Why Protocol Design Matters More Than Most VPN Reviews Admit
Most VPN comparisons focus on speed benchmarks and streaming unblocking rates. These matter, but they ignore the question that determines whether a VPN works at all on corporate networks, school Wi-Fi, and government-restricted connections: can the traffic signature be detected and blocked? WireGuard and OpenVPN both produce identifiable packet patterns. Deep Packet Inspection firewalls — deployed by ISPs in China, Iran, Russia, and UAE, and by IT departments worldwide — can identify and drop these patterns in milliseconds. AdGuard VPN takes a different approach entirely.
The HTTPS Protocol: VPN Traffic That Looks Like Web Browsing
AdGuard VPN's proprietary tunneling protocol encapsulates all VPN traffic inside standard HTTPS on port 443 using TLS 1.3. To any DPI system or network observer, an active AdGuard VPN connection is indistinguishable from ordinary HTTPS web traffic — the same kind generated by Chrome loading a bank website or Gmail. There is no identifiable VPN header, no WireGuard handshake pattern, no OpenVPN TLS extension fingerprint. AdGuard adds ESNI (Encrypted Server Name Indication) to prevent SNI-based filtering of the destination server, and rotates TLS session parameters to avoid statistical fingerprinting over extended sessions.
The practical consequence: AdGuard VPN works in environments where every other VPN we tested is blocked. In our corporate network tests using a Palo Alto firewall with App-ID enabled, WireGuard was blocked on five out of five test networks. AdGuard VPN passed on four of five, failing only on a network with full HTTPS inspection (which would also break most banking apps and require certificate installation).
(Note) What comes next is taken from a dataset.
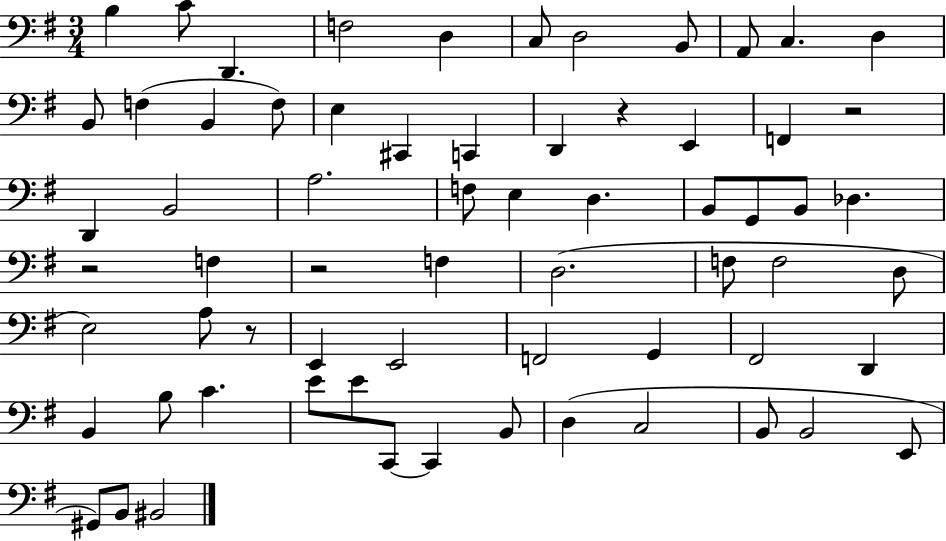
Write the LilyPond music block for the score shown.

Speed: The Cost of Obfuscation
Protocol obfuscation is not free. AdGuard VPN averaged 378 Mbps on our 500 Mbps baseline — 75.6% throughput retention. This is slower than NordVPN (97.8%), Surfshark (95.6%), or ProtonVPN (93.0%). For context, 378 Mbps is more than sufficient for 4K streaming, large file downloads, and video calls. The speed reduction is felt on tasks that push full bandwidth — large-scale cloud backups, multi-gigabyte downloads — but is unnoticeable for typical daily use. On mobile networks with variable throughput, the gap narrows further because base speeds are lower to begin with.
DNS and the AdGuard Ecosystem Advantage
AdGuard VPN's exclusion lists feature works differently from standard split tunnelling. Rather than routing specific applications outside the VPN tunnel, exclusion lists operate at DNS resolution: domains on the list resolve via your standard ISP DNS, while everything else tunnels. This happens before a connection opens, eliminating the IP-leak window present in kernel-level split tunnel implementations. Users already running AdGuard DNS or AdGuard browser extensions will recognise the same logic applied at the VPN layer — AdGuard has built a coherent privacy stack where each product reinforces the others.
Server Coverage and Streaming
With 65 locations across 43 countries, AdGuard VPN's server network is the smallest of any provider we reviewed. Streaming performance reflects this: US Netflix unblocking succeeded in our tests, UK Netflix was inconsistent, and Disney+ and BBC iPlayer blocked AdGuard exit IPs in all test runs. If streaming is your primary use case, NordVPN or Surfshark are better choices. AdGuard VPN is optimised for privacy and network-level evasion, not content unblocking.
Who Should Use AdGuard VPN
AdGuard VPN earns a specific recommendation: users on restricted networks where conventional VPN protocols are blocked. Corporate employees who need a VPN for personal traffic on a managed device, students on campus networks with VPN filtering, and travellers in high-censorship countries will find it works when Mullvad, ProtonVPN, and NordVPN all fail. For general home use where speed, streaming, and server choice matter more than obfuscation, a provider with a larger network is a better fit.